Delessov pasó a su despacho y tomó algunos libros en francés y el Evangelio en alemán.

—Mañana ponle estos libros en su cuarto, y cuidado con dejarle salir —le dijo a Zakhar.

A la mañana siguiente, Zakhar informó de que el músico no había dormido en toda la noche, y que había tratado de abrir las puertas, pero que gracias a sus cuidados estaban bien cerradas; díjole además que, haciéndose el dormido, había oído a Alberto hablar bajo, agitando con fuerza las manos.

Alberto volvióse de día en día más sombrío y más silencioso. Parecía como si le inspirase miedo Delessov, y cada vez que sus miradas se encontraban, se advertía en su rostro una sensación inusitada de espanto. No tocó ni los libros ni el violín, y guardaba el silencio más absoluto cuando se le preguntaba algo.

Algunos días después de haber dado albergue al músico, llegó Delessov a su casa bastante tarde, notándose en él mucho cansancio y contrariedad.

Durante todo el día había estado haciendo gestiones para cierto negocio que le pareció muy fácil y, como pasa casi siempre, a pesar de todo su cuidado, no había obtenido lo que deseaba. Además, en el club había perdido algo y estaba de muy mal humor.

—¡Que Dios le proteja! — respondió a Zakhar, el cual le explicaba la triste situación de Alberto—. Mañana le preguntaré definitivamente si quiere quedarse en casa y seguir mis consejos. Si no, peor para él; me parece que he hecho todo lo que he podido.

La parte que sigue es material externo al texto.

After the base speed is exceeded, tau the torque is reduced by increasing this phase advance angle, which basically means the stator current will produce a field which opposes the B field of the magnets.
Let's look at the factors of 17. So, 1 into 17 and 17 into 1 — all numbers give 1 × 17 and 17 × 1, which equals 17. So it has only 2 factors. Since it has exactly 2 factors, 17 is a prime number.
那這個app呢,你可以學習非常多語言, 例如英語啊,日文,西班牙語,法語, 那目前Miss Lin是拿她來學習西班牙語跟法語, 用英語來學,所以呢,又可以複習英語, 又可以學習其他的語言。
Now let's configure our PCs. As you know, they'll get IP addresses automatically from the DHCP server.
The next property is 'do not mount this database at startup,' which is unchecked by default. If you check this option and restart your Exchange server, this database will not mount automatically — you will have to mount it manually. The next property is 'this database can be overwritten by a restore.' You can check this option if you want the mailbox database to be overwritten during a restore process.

La palabra «todos» se refería los hombres en general y en particular a aquéllos con quienes había hablado por la mañana.

"¿Qué será de él ahora? ¿En qué piensa?, ¿qué es lo que le entristece? ¿Echa de menos el desarreglo y humillación en que vivía, la mendicidad de donde le he sacado?» Evidentemente ha caído muy bajo para que pueda acostumbrarse de nuevo a una vida honrada… «No, es una chiquillada —dijo Delessov—. ¿Por qué me he de meter a corregir a los demás? Que Dios me permita arreglarme a mi mismo.» Quiso dejarle marchar enseguida, pero reflexión ó un momento y lo dejó para el día siguiente.

Durante la noche, Delessov despertó con el ruido de una mesa que se había caído en la antesalas, y oyó voces y pasos en la misma. Encendió una bujía y escuchó con ansiedad…

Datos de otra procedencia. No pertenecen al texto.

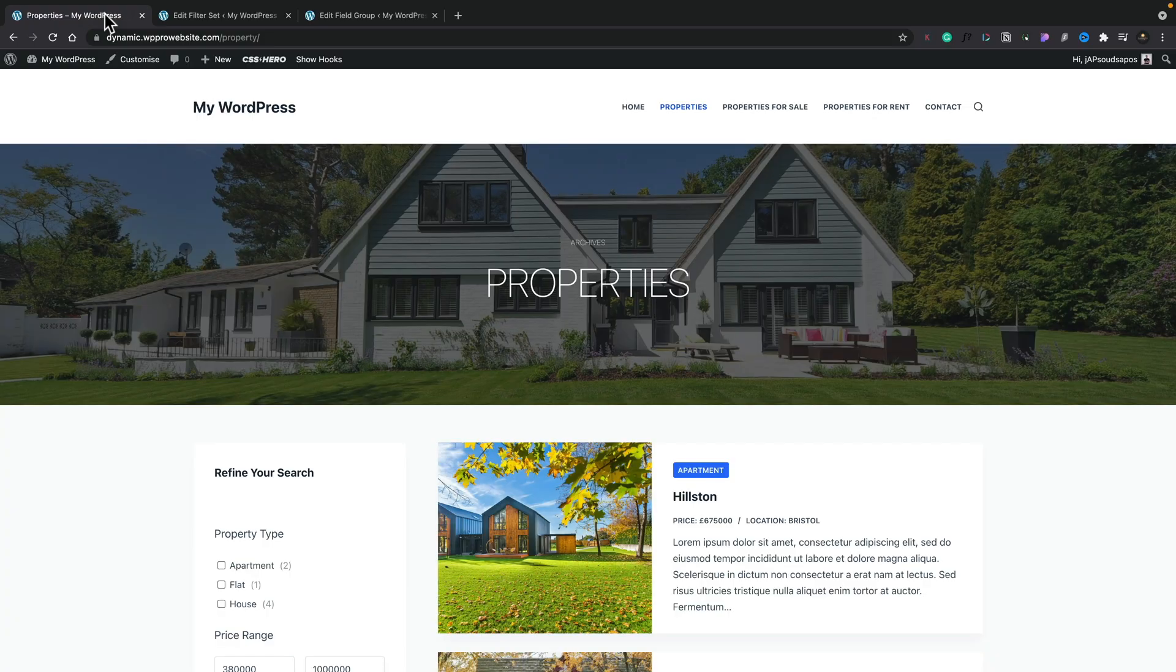we're going to take a look at doing that today with this particular website that I'm working on. This is a basic listing website using various different tools, ACF being one of those. So let me quickly demonstrate what we're going to create, and then I'll show you step by step how to use Filter Everything to do just that.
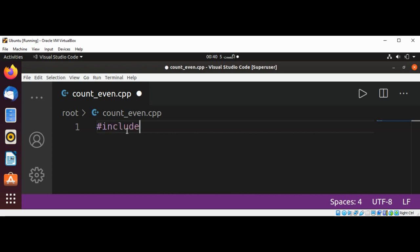We are going to use vector and count_if function to count the number of even vector elements.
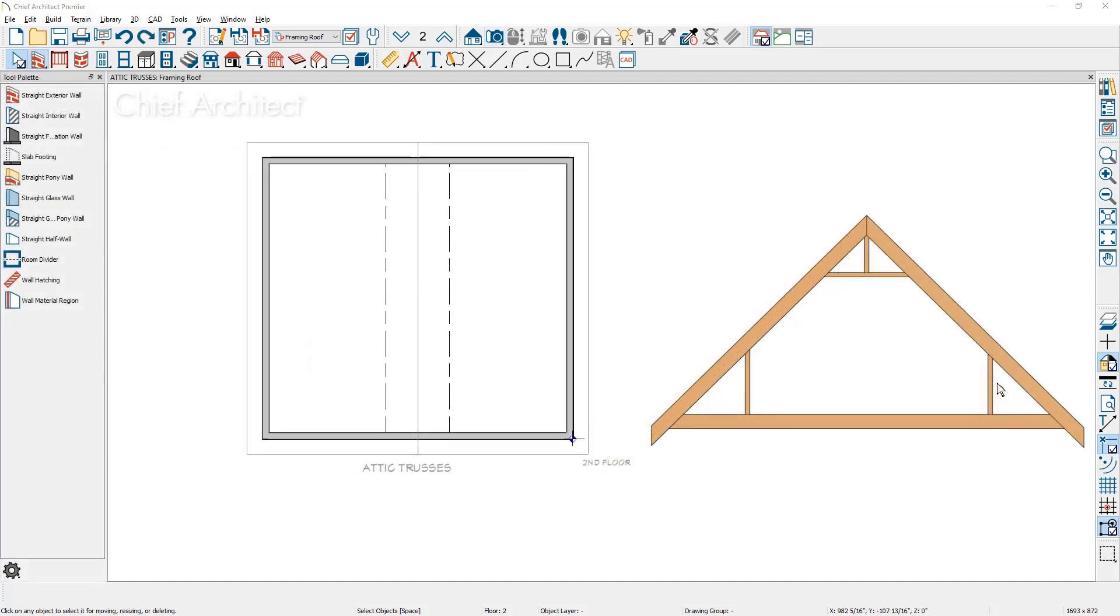Before I use the interior wall and draw in those attic walls, I want to make sure that the floor platform is supported and matches the bottom cord of the truss. I'm going to use the bottom cord of the truss for the floor platform.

—Esperad, que iré a llamar al amo —decía Zakhar.

Alberto murmuraba palabras incoherentes, Delessov saltó del lecho y con la bujía en la mano corrió a la antesala. Zakhar, en traje de noche, estaba de pie delante de la puerta.

Alberto, con el sombrero y el abrigo, trataba de apartarle de la puerta, gritando con voz quejumbrosa.

—No podéis impedirme el paso, tengo el pasaporte; yo no me llevo nada, podéis registrarme si queréis; iré al jefe de policía.

—Permitidme —dijo Zukhar a su amo, mientras continuaba defendiendo la puerta con la espalda—.

Se ha levantado esta noche, ha encontrado la llave de mi abrigo y se ha bebido una botella entera de aguardiente azucarado. ¿Está bien eso? Y ahora quiere marcharse.

—¡Nadie puede detenerme! No tenéis ese derecho —gritaba elevando cada vez más la voz.

—Quítate de ahí, Zakhar —dijo Delessov, y dirigiéndose a Alberto: — Yo no quiero ni puedo deteneros, pero os aconsejo quedaros hasta mañana.

—Nadie puede detenerme, iré a ver al jefe de policía —gritaba cada vez con más fuerza Alberto, dirigiéndose tan sólo a Zakhar y sin mirar a Delessov— ¡Ladrones! — gritó de pronto con espantosa voz.

—Pero, ¿por qué gritáis así? Nadie os detiene Zakhar abriendo la puerta.

Alberto cesó de gritar.

—¡No lo habéis logrado! ¿Queríais matarme? ¡Pues, no! — murmuró tomando sus zapatos de goma.

Sin decir adiós y mascullando palabras incomprensibles, salió; Zakhar le alumbró hasta la puerta y volvió.

—¡Gracias a Dios! Hubiera acabado mal —dijo a su amo—. Ahora hay que mirar los objetos de plata, a ver si están todos.

Delessov movió la cabeza sin responder. Acordábase de las dos primeras veladas pasadas con el músico; los días tristes que por su culpa había pasado Alberto, principalmente se acordaba del sentimiento mezclado de admiración, de amor y de piedad, que desde el primer momento le inspiró ese hombre extraño.

Empezaba a compadecerle. "¿Qué va hacer, sin dinero, sin ropa, solo en medio de la noche?…» Quiso mandar a Zakhar en su busca, pero ya era tarde.

—¿Hace mucho frío? — preguntó Delessov.

—Una helada muy fuerte —respondió Zakhar—. Había olvidado deciros que se tendrá que comprar leña antes de la primavera.